■ Assignment ■
With pictures removed, output every record below exactly as written.

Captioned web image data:
_ _ _ _ _ _ _

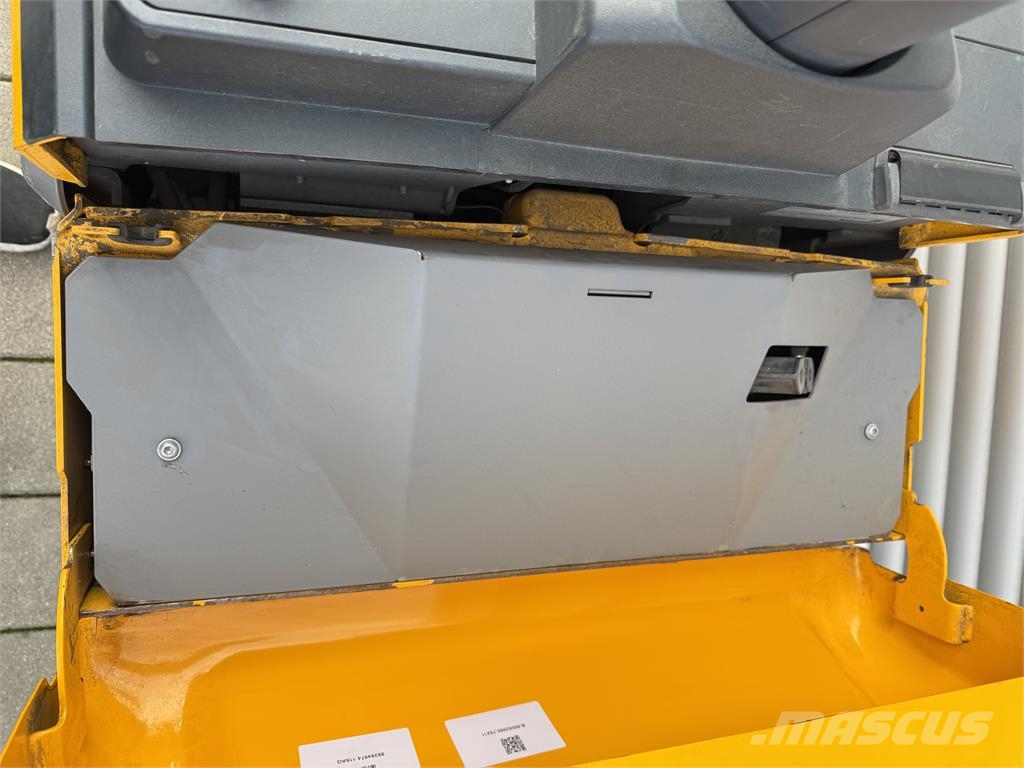 Jungheinrich ERE 120 FP Baujahr 2021 Lithium Колички високоповдигачи с теглич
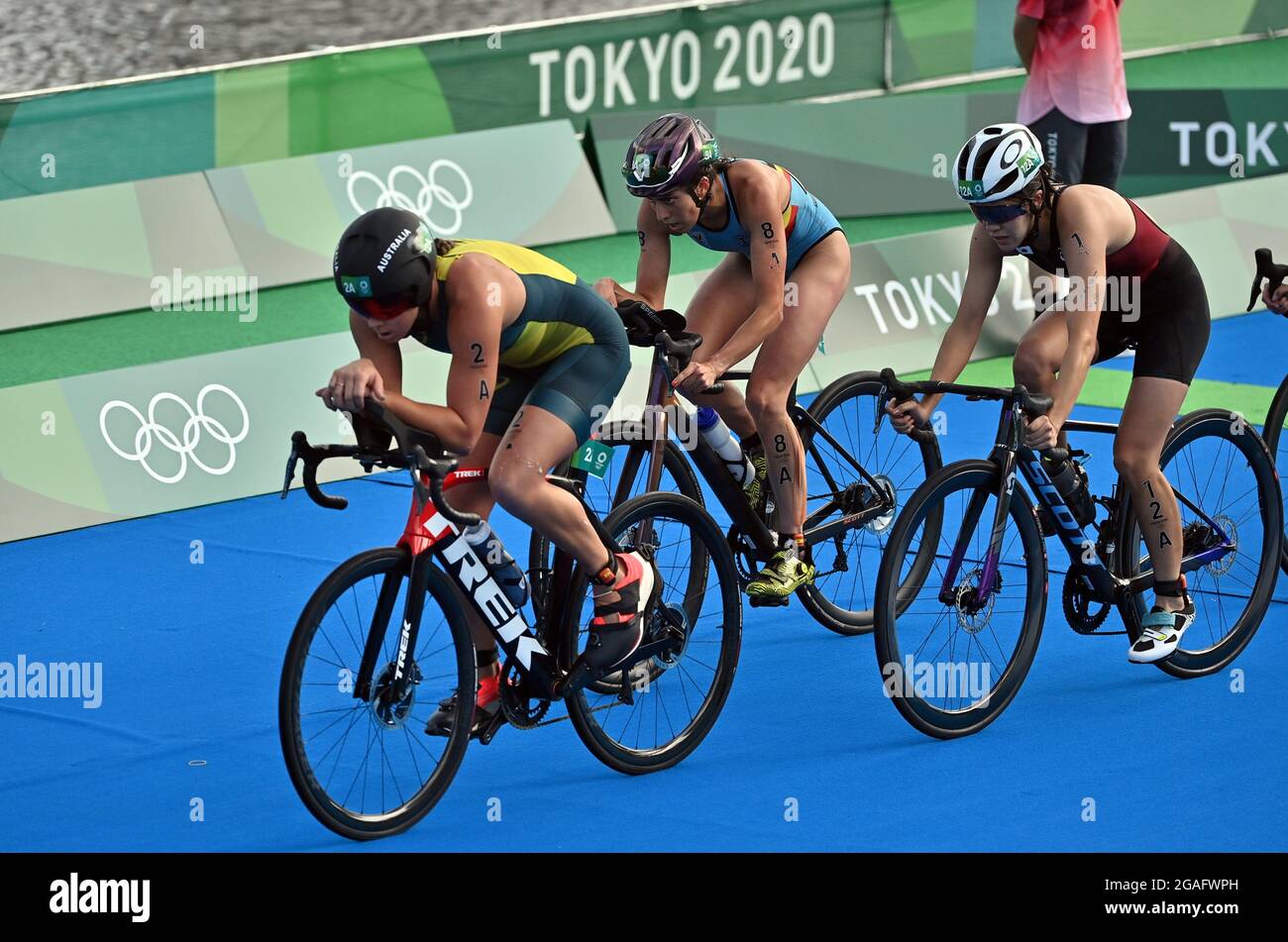 Il belga Claire Michel ha raffigurato in azione durante la parte in moto della gara a relè misto triathlon il nono giorno dei 'Giochi Olimpici di Tokyo 2020' in Foto Stock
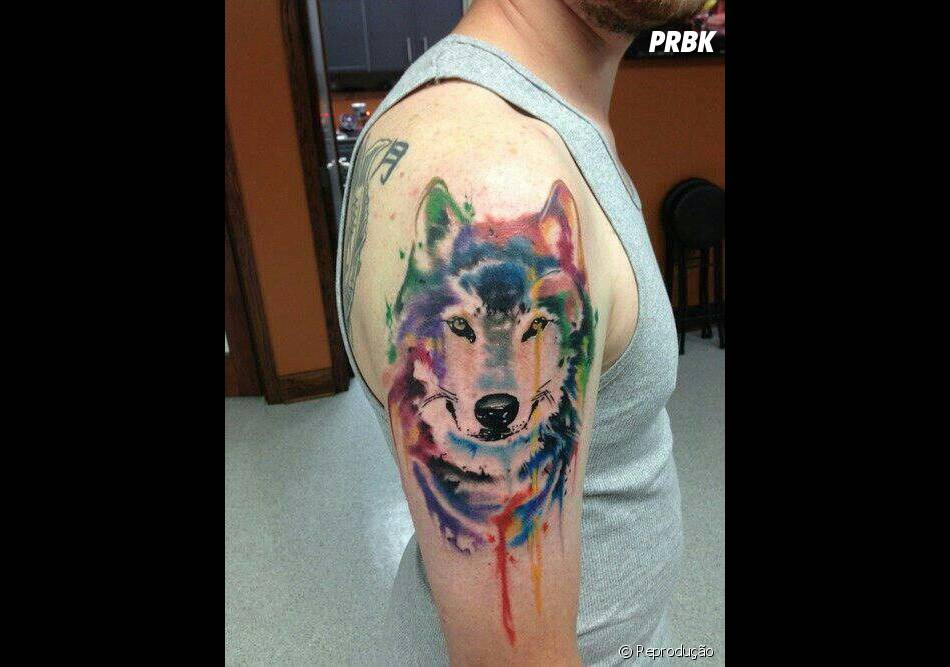 Tatuagens De Lobo Trazem Grandes Significados Em Aquarela Isso Fica Bem Mais Evidente Purebreak O lobo carrega um simbolismo dual em muitas culturas ao redor do mundo, mas se tratando de tatuagens ele recebe a representacao que mais significar para a pessoa que o escolher. de lobo trazem grandes significados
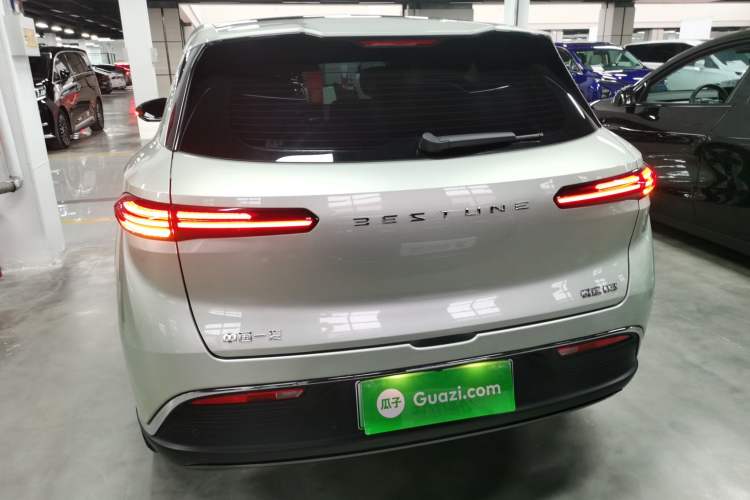 Used Bestune Yueyi 03 2025 565km Premium Edition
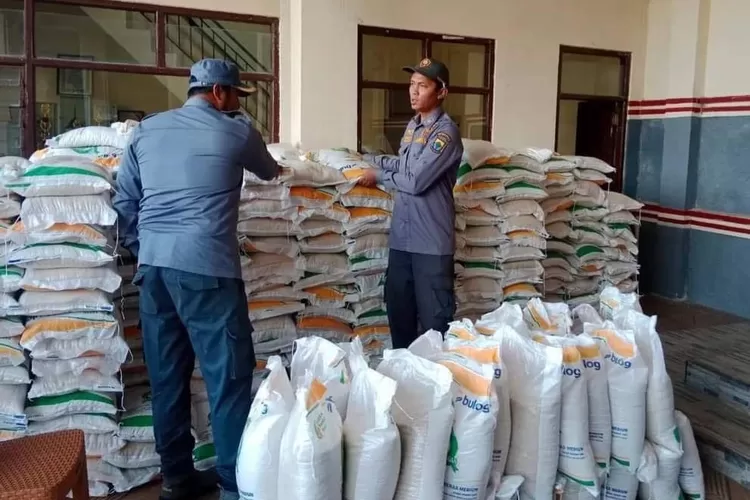 Ilustrasi -- Selamat! KPM PKH dan BPNT Bisa Dapat Bansos Tambahan Yang Akan Cair di Bulan Oktober (Facebook.com/@PKH dan BPNT Kemensos RI)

_ _ _ _ _ _ _

■ Reply to the exercise ■
 Jungheinrich ERE 120 FP Baujahr 2021 Lithium Колички високоповдигачи с теглич
 Il belga Claire Michel ha raffigurato in azione durante la parte in moto della gara a relè misto triathlon il nono giorno dei 'Giochi Olimpici di Tokyo 2020' in Foto Stock
 Tatuagens De Lobo Trazem Grandes Significados Em Aquarela Isso Fica Bem Mais Evidente Purebreak O lobo carrega um simbolismo dual em muitas culturas ao redor do mundo, mas se tratando de tatuagens ele recebe a representacao que mais significar para a pessoa que o escolher. de lobo trazem grandes significados
 Used Bestune Yueyi 03 2025 565km Premium Edition
 Ilustrasi -- Selamat! KPM PKH dan BPNT Bisa Dapat Bansos Tambahan Yang Akan Cair di Bulan Oktober (Facebook.com/@PKH dan BPNT Kemensos RI)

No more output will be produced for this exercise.